Counters can be used for a huge array of applications. They can, for example, be used to count pulses from a sensor attached to a wheel to count the number of revolutions, which in turn can be used to calculate the speed of the wheel. Counters also can be used as digital clocks for different purposes. Another typical use of a digital counter is in central processing units (CPUs), where a certain kind of counter (program counters, or PCs) is used as a way for the CPU to walk through program instructions, one by one, from a memory. The model in this example consists of a 4-bit asynchronous up-counter that is fed with a clock pulse of 1 Hz. Below, you can see a diagram of the model.
Diagram view of the model. The counter in the diagram is fed by a clock pulse and an enable signal that tells the counter when to count and when to pause.
Flip-flops or latches are used as basic components in digital circuitry and work as a kind of memory that stores the state of one bit. By using multiple flip-flops, it is possible to construct digital state machines. A binary counter is basically a state machine that just cycles through its states for each cycle of a clock signal. The JK flip-flop is considered to be the most universal flip-flop design and can be used as different kinds of flip-flops just by adjusting how the input to the J and K terminals is done. In this example, the flip-flops are used with a toggling function, which means that the output is changed for each completed clock cycle.

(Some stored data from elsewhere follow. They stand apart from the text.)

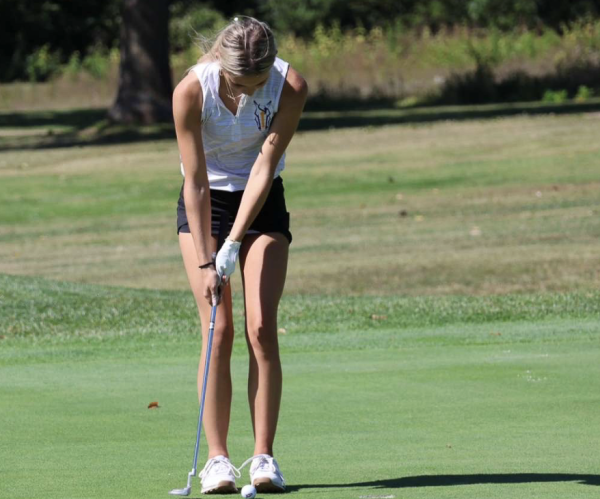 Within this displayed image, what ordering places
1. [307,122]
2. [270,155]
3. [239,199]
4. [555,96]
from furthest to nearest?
1. [555,96]
2. [307,122]
3. [239,199]
4. [270,155]

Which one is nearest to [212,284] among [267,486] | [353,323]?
[267,486]

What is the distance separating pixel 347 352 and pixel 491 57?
92.2 ft

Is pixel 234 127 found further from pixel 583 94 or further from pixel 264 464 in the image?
pixel 583 94

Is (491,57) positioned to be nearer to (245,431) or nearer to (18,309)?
(18,309)

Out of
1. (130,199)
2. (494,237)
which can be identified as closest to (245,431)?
(494,237)

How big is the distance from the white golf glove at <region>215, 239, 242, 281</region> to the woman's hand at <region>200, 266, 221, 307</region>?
0.07 feet

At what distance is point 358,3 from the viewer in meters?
53.4

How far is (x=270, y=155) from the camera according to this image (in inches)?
191

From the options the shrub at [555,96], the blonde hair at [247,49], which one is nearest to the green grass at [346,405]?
the blonde hair at [247,49]

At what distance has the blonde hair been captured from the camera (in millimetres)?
4684

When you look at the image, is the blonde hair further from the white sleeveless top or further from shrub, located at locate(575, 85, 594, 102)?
shrub, located at locate(575, 85, 594, 102)

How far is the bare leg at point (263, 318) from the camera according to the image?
16.2ft

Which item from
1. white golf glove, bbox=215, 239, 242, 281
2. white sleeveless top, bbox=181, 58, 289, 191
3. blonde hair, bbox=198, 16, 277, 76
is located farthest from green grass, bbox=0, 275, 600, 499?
blonde hair, bbox=198, 16, 277, 76

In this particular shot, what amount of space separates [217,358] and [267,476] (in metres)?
0.57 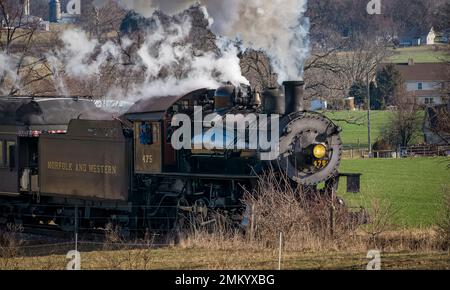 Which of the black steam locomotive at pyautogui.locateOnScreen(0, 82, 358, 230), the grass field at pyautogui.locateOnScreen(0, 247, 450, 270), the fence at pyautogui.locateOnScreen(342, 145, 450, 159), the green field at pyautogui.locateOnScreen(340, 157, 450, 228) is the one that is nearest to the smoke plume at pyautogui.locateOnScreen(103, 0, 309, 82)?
the black steam locomotive at pyautogui.locateOnScreen(0, 82, 358, 230)

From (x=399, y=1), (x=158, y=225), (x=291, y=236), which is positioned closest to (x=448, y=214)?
(x=291, y=236)

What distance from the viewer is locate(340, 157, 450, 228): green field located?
25.1 metres

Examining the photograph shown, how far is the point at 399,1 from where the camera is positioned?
124 m

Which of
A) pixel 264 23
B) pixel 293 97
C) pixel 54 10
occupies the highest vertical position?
pixel 54 10

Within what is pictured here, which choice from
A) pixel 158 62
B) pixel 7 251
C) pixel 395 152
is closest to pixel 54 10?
pixel 395 152

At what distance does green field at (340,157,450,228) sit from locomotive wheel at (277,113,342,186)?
4.09ft

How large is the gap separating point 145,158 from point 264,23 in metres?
6.21

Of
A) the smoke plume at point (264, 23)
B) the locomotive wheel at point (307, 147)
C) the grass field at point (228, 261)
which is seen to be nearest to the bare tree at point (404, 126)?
the smoke plume at point (264, 23)

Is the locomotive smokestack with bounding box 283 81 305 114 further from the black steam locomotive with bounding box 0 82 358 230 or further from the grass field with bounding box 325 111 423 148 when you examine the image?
the grass field with bounding box 325 111 423 148

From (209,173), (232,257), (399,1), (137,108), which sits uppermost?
(399,1)

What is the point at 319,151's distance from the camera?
1819 centimetres

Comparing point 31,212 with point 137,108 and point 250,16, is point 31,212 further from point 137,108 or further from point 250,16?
point 250,16

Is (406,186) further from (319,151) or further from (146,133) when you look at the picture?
(146,133)

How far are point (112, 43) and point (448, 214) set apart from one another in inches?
899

This is accomplished by feeding ones into both the J and K pins of the flip-flops. By putting only zeros on all the J and K terminals, the output will never change, regardless of the input. This makes it suitable to connect all the J and K terminals as an enable signal for the circuit.
Diagram view of the counter model.
The counter in this example is a 4-bit asynchronous counter based on JK flip-flops. The flip-flops are connected with both their J and K terminals to the enable pin, putting them in "toggle mode". The flip-flop to the left, producing the Q0 signal, will change its output state for each falling edge of the clock signal, for example, a CPU clock. Since the output toggles for each falling edge of the clock, the clock toggles twice for each toggle of the output.
This diagram from a simulation shows how the logic levels of the four bits change over time. The enable signal goes from 0 to 1 after one second.